Restate, word for word and with nothing added, the lines from the one containing "<h2>Bergson dames horloge in de sale</h2>" through the last line of the material below.
START PROVIDED MATERIAL
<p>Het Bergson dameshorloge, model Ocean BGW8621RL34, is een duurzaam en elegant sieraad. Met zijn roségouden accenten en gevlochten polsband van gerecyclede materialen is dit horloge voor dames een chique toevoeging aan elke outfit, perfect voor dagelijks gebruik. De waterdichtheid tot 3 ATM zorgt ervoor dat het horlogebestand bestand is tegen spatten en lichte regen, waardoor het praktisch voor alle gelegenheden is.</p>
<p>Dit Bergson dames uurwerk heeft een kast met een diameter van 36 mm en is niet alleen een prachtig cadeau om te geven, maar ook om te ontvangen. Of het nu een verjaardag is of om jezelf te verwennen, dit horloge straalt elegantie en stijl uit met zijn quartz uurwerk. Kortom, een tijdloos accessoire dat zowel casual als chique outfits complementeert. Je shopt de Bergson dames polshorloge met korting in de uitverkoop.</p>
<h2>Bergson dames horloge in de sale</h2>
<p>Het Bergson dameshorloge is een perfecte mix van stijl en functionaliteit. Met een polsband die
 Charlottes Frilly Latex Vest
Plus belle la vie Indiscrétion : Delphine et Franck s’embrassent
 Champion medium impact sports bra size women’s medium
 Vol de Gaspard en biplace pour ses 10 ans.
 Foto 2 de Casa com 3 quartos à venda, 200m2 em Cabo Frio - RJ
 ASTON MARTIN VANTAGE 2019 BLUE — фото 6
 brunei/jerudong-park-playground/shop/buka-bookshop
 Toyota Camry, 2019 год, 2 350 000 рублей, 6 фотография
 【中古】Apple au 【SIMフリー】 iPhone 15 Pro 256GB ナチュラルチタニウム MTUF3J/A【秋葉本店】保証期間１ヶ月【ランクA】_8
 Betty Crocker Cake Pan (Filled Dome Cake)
END PROVIDED MATERIAL
### [RESPONSE TO THE TASK]
<h2>Bergson dames horloge in de sale</h2>
<p>Het Bergson dameshorloge is een perfecte mix van stijl en functionaliteit. Met een polsband die
 Charlottes Frilly Latex Vest
Plus belle la vie Indiscrétion : Delphine et Franck s’embrassent
 Champion medium impact sports bra size women’s medium
 Vol de Gaspard en biplace pour ses 10 ans.
 Foto 2 de Casa com 3 quartos à venda, 200m2 em Cabo Frio - RJ
 ASTON MARTIN VANTAGE 2019 BLUE — фото 6
 brunei/jerudong-park-playground/shop/buka-bookshop
 Toyota Camry, 2019 год, 2 350 000 рублей, 6 фотография
 【中古】Apple au 【SIMフリー】 iPhone 15 Pro 256GB ナチュラルチタニウム MTUF3J/A【秋葉本店】保証期間１ヶ月【ランクA】_8
 Betty Crocker Cake Pan (Filled Dome Cake)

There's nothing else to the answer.